Set down every line of the data exactly, skipping the pictures.

SOURCE DATA ▸
···

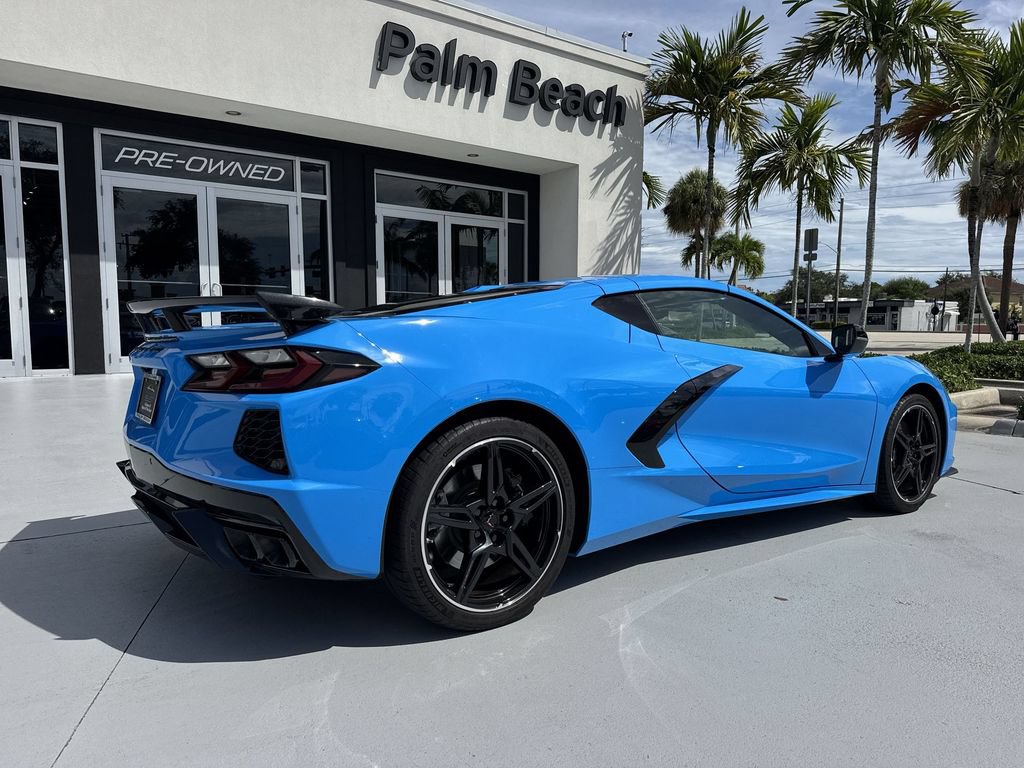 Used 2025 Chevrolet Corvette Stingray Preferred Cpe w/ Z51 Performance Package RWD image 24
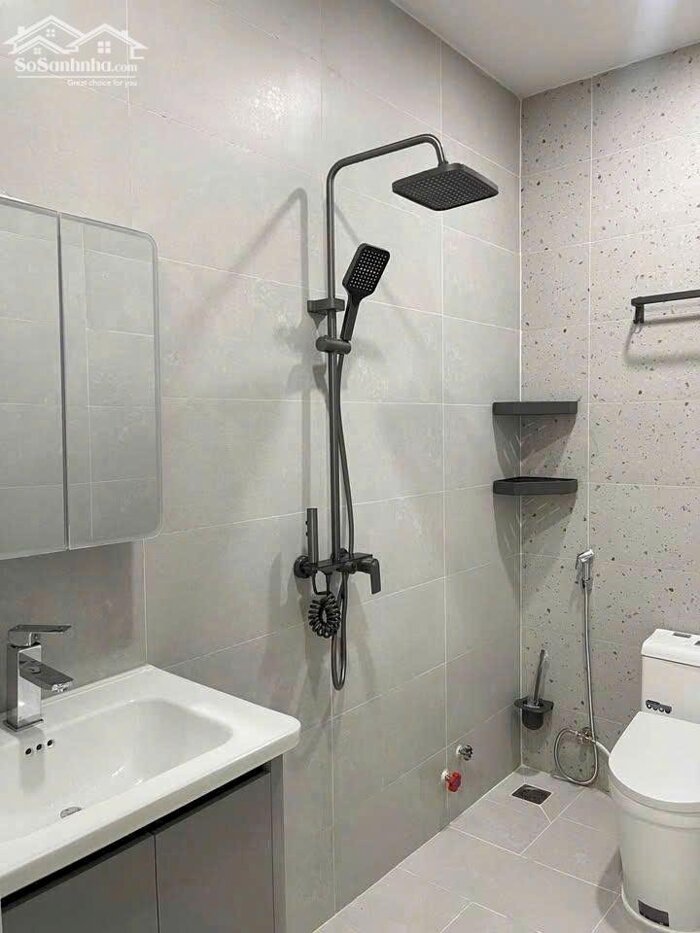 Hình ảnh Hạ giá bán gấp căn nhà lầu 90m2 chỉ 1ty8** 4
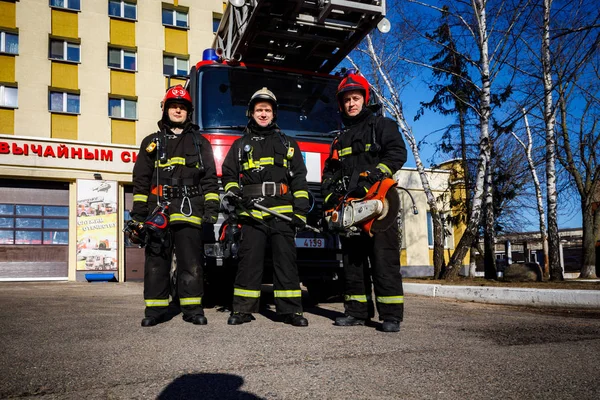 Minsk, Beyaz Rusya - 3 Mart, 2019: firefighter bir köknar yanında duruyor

···

OUTPUT OF THE EXERCISE ▸
 Used 2025 Chevrolet Corvette Stingray Preferred Cpe w/ Z51 Performance Package RWD image 24
 Hình ảnh Hạ giá bán gấp căn nhà lầu 90m2 chỉ 1ty8** 4
 Minsk, Beyaz Rusya - 3 Mart, 2019: firefighter bir köknar yanında duruyor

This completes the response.